Current status: prototype
Actively discover the primary coding languages of projects via deep introspection where necessary. First, Code Sleuth looks at known metadata such as codemeta.json to determine primary project languages. This approach scales to millions of projects.
Next, lightweight heuristics are considers such as presence of language-specific configuration files. It is thought that Makefiles might lend themselves to passive heuristics.
If metadata is not usable and lightweight heuristics are indeterminate, Code Sleuth enters deep introspection by configuring the project build system. Currently, deep introspection only occurs for CMake-based projects. The introspection method extends in a straightforward way to Meson in the future.
Introspection is not safe for the running computer, because executing build scripts can (over)write arbitrary files and Windows Registry. This script is meant to be run on "known safe" projects or as a cloud instance that is OK with the risk of running scripts from any project on the Internet.

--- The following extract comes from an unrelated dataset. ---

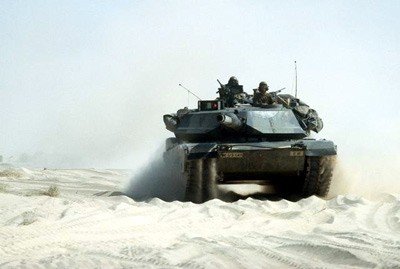 М1А1 Абрамс - основной танк в операции Буря в пустыне в Саудовской Аравии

The purpose of the deep introspection method is to acquire language standard data on thousands of scientific computing projects, where a throwaway cloud image would be used for the scanning. The deep introspection would take place infrequently after the first project scan, and could take a minute or more of single-CPU time per project.

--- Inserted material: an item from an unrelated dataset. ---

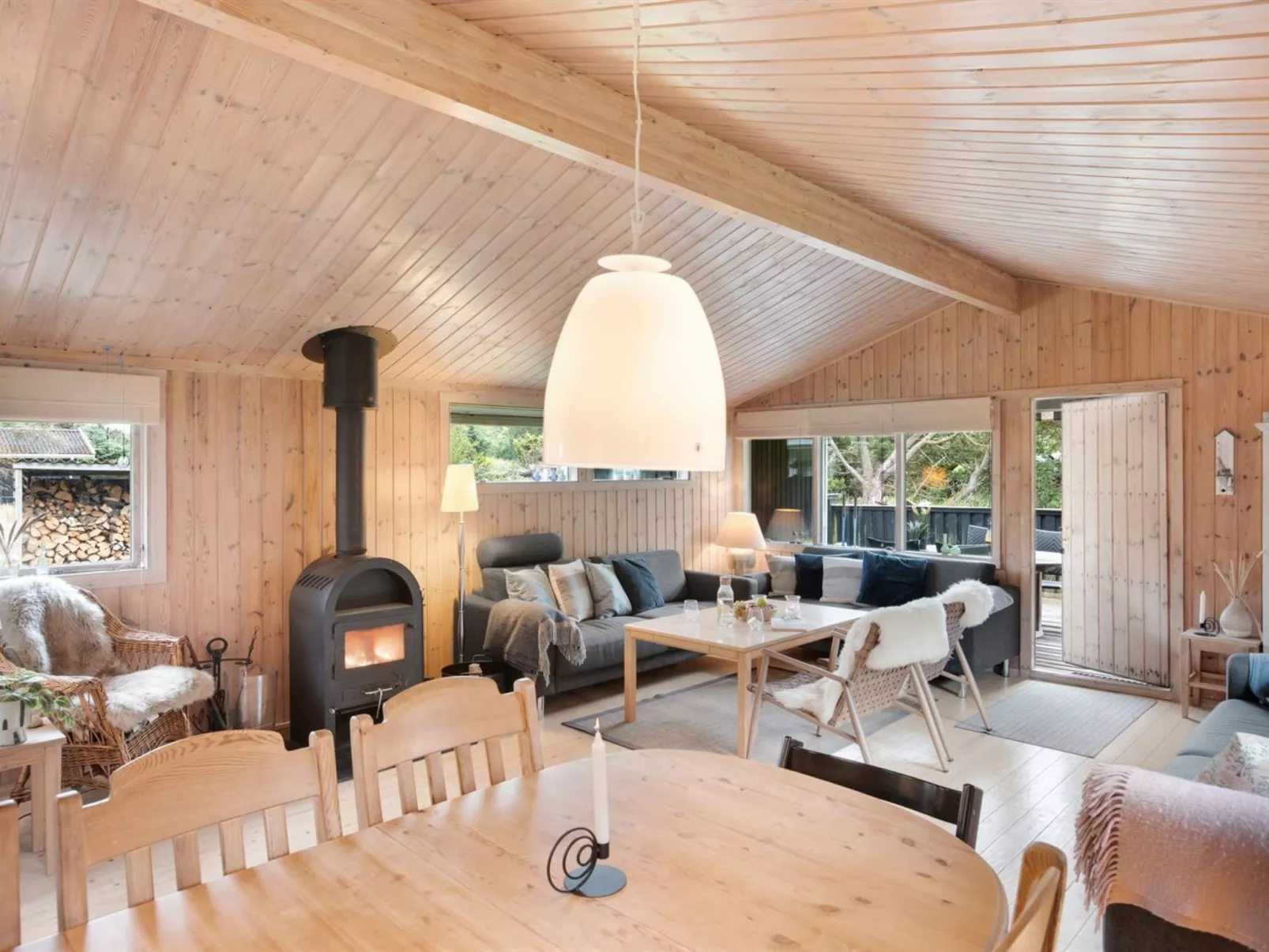 "Thrineke" - 600m from the sea-Inside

We provide initial implementation of a tool code-sleuth that actively introspects projects, using a variety of heuristics and direct action. A key design factor of code-sleuth is to introspect languages using specific techniques such as invoking CMake or Meson to introspect the project developers intended languages. The goal is not to detect every language in a project, but instead to detect the primary languages of a project. Also, we desire to resolve the language standards required, for example:
- Python 2.6..2.7
- Python > 3.6
- C++14
- C11
- Fortran 2008
This detection will allow a user to know what compiler or environment is needed in automated fashion.